> [Work instruction]:
Without including any pictures, reproduce all the lines below word for word.

___ Data section ___

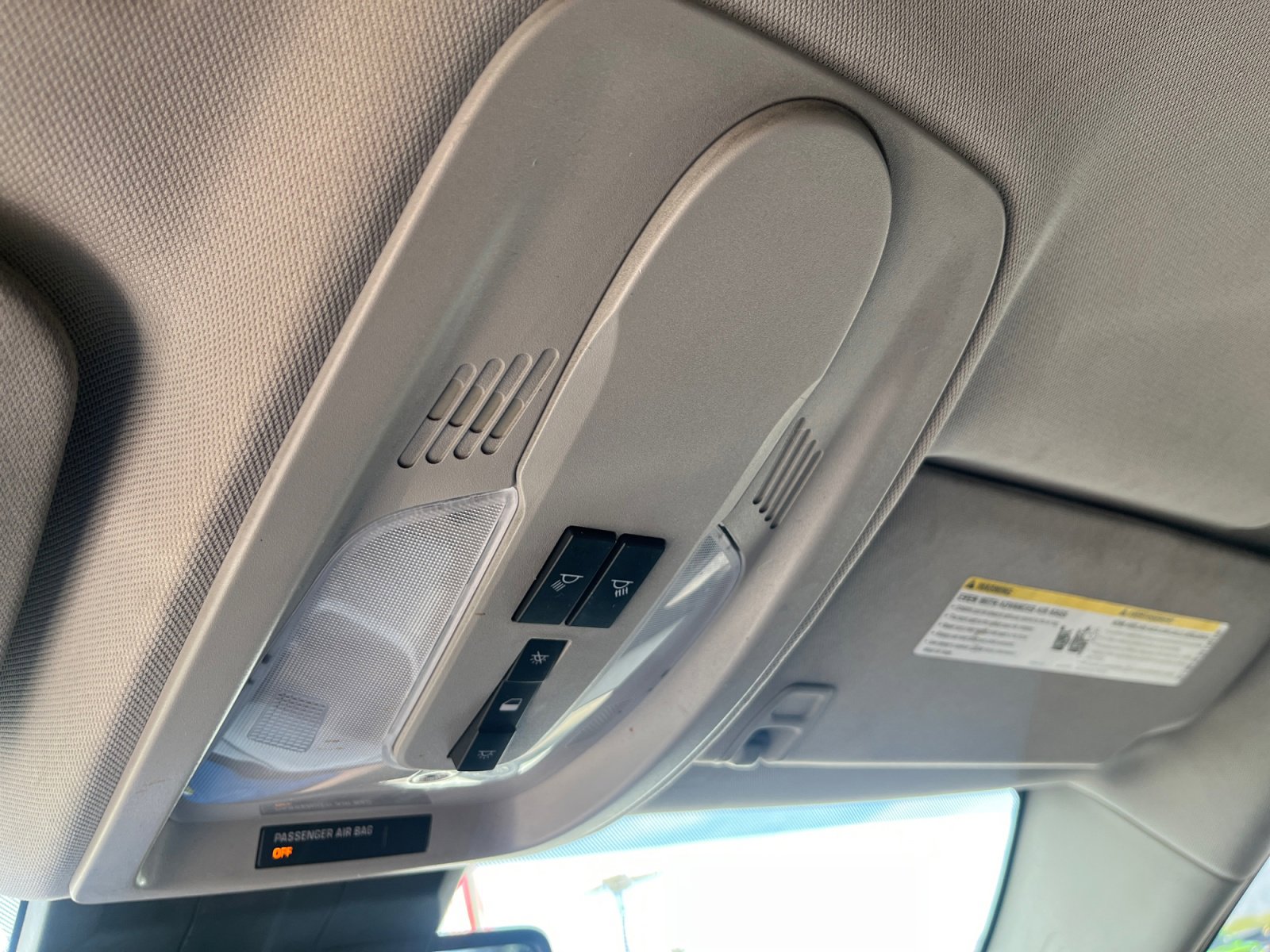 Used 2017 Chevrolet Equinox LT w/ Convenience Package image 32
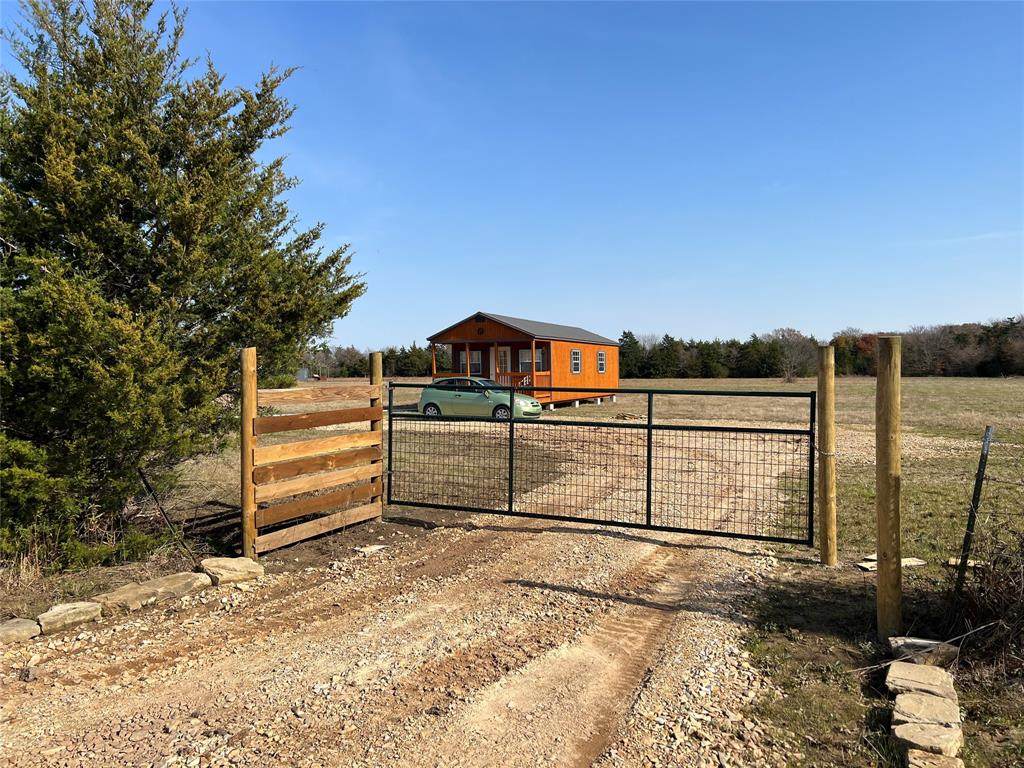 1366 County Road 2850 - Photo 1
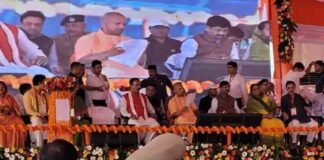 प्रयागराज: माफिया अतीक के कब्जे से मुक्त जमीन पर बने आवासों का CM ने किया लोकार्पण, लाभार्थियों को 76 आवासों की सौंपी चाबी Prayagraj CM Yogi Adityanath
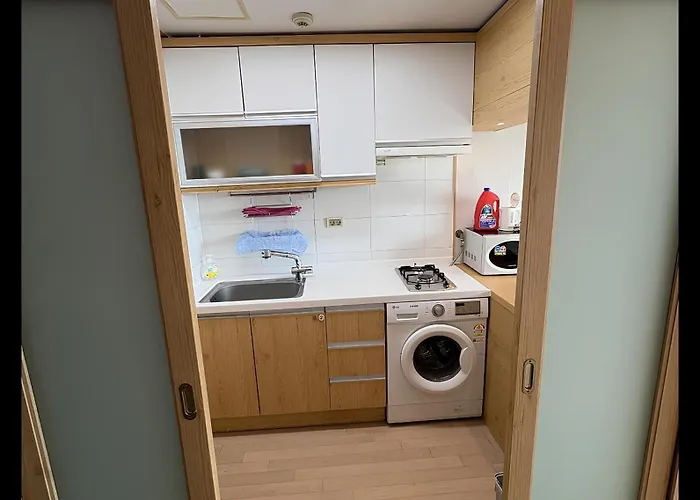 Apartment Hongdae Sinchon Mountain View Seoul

___

> [Reply to the task]:
 Used 2017 Chevrolet Equinox LT w/ Convenience Package image 32
 1366 County Road 2850 - Photo 1
 प्रयागराज: माफिया अतीक के कब्जे से मुक्त जमीन पर बने आवासों का CM ने किया लोकार्पण, लाभार्थियों को 76 आवासों की सौंपी चाबी Prayagraj CM Yogi Adityanath
 Apartment Hongdae Sinchon Mountain View Seoul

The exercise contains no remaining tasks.